**** Data extract

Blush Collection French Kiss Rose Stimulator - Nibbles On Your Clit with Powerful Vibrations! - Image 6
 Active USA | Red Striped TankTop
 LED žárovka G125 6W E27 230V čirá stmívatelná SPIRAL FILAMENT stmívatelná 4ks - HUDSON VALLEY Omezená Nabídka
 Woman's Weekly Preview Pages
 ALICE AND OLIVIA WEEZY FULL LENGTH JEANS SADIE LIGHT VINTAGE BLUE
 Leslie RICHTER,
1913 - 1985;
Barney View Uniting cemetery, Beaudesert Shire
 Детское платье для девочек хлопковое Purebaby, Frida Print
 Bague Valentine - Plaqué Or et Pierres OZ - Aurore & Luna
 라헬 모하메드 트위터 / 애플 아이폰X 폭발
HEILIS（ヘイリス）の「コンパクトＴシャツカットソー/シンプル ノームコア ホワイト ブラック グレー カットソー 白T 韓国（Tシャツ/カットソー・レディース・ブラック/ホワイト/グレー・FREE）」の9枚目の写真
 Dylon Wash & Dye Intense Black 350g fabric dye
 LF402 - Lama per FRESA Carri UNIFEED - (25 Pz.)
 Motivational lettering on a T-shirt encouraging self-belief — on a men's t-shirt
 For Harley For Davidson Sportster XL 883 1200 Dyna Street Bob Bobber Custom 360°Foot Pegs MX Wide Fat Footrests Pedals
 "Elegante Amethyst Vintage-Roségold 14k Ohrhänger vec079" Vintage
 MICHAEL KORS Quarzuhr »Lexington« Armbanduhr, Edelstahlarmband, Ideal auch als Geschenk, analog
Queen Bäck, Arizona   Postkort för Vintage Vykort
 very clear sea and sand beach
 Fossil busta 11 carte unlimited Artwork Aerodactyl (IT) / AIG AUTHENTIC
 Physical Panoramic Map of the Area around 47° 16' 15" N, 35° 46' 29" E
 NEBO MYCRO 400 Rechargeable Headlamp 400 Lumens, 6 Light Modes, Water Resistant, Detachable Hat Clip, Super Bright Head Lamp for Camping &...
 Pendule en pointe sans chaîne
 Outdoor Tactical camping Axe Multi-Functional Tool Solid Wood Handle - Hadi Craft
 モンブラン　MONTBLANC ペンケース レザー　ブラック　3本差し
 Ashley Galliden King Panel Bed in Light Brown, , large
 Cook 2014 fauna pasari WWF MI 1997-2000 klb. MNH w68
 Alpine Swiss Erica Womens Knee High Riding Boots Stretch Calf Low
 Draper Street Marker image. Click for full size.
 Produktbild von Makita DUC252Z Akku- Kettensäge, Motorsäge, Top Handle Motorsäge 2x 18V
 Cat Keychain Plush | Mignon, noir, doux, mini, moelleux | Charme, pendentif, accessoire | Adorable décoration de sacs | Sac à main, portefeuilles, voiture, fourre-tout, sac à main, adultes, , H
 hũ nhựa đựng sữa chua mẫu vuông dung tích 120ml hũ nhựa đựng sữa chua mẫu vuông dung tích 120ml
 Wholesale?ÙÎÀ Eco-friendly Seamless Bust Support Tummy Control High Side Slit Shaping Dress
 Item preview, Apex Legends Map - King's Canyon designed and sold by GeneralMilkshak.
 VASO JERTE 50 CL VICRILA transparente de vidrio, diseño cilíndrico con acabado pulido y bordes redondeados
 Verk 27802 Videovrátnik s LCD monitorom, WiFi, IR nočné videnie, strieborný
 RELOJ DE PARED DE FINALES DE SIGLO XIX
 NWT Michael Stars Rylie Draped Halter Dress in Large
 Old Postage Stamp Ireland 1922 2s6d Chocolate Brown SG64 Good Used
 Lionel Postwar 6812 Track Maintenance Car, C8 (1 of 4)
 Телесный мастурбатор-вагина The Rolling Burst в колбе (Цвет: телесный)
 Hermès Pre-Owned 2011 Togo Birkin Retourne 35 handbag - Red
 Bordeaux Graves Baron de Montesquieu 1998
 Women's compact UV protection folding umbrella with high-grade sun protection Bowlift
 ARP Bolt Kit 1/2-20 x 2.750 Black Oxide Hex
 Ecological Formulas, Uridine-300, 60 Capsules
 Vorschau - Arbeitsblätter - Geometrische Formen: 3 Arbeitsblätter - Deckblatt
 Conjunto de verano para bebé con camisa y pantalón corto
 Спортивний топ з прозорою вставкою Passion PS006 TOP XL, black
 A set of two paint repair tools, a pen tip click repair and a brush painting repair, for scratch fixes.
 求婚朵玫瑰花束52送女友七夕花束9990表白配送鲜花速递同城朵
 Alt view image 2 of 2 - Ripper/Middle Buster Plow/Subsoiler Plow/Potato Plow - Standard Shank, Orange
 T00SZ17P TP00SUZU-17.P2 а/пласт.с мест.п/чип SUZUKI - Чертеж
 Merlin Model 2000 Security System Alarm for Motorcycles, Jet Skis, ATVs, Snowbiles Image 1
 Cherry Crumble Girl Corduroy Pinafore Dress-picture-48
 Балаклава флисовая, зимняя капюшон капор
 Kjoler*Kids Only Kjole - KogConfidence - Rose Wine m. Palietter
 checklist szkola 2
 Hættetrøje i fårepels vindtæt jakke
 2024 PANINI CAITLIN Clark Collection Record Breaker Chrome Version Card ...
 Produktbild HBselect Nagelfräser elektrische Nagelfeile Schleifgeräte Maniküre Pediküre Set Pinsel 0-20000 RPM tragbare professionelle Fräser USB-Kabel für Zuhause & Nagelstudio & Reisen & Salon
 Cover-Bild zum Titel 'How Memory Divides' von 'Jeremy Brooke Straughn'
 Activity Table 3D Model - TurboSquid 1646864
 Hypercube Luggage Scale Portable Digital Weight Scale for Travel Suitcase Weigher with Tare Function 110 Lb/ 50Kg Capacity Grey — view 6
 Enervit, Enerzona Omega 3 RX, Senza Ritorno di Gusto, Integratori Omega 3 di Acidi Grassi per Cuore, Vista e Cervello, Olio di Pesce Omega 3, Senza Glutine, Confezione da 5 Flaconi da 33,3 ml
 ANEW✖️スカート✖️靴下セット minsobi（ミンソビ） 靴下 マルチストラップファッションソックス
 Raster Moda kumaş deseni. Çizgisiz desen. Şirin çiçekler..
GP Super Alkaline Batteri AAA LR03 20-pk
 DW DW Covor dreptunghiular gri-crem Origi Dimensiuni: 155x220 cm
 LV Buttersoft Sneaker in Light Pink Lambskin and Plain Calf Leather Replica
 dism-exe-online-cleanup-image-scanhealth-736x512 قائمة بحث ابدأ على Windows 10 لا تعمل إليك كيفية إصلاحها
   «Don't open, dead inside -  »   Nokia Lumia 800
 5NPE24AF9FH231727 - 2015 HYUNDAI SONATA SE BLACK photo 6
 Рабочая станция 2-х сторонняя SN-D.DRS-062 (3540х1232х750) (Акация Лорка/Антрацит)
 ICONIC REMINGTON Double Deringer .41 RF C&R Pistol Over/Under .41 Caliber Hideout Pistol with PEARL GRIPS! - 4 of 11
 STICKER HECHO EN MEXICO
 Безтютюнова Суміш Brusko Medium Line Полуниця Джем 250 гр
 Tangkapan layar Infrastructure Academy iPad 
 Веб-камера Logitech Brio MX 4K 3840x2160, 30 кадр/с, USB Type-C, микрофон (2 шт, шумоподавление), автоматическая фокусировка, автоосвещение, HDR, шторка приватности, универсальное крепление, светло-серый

********

Work item> In your reply, restate exactly the lines from the start of the records above through the line holding "Barney View Uniting", including both, and nothing else.

Your response>
Blush Collection French Kiss Rose Stimulator - Nibbles On Your Clit with Powerful Vibrations! - Image 6
 Active USA | Red Striped TankTop
 LED žárovka G125 6W E27 230V čirá stmívatelná SPIRAL FILAMENT stmívatelná 4ks - HUDSON VALLEY Omezená Nabídka
 Woman's Weekly Preview Pages
 ALICE AND OLIVIA WEEZY FULL LENGTH JEANS SADIE LIGHT VINTAGE BLUE
 Leslie RICHTER,
1913 - 1985;
Barney View Uniting cemetery, Beaudesert Shire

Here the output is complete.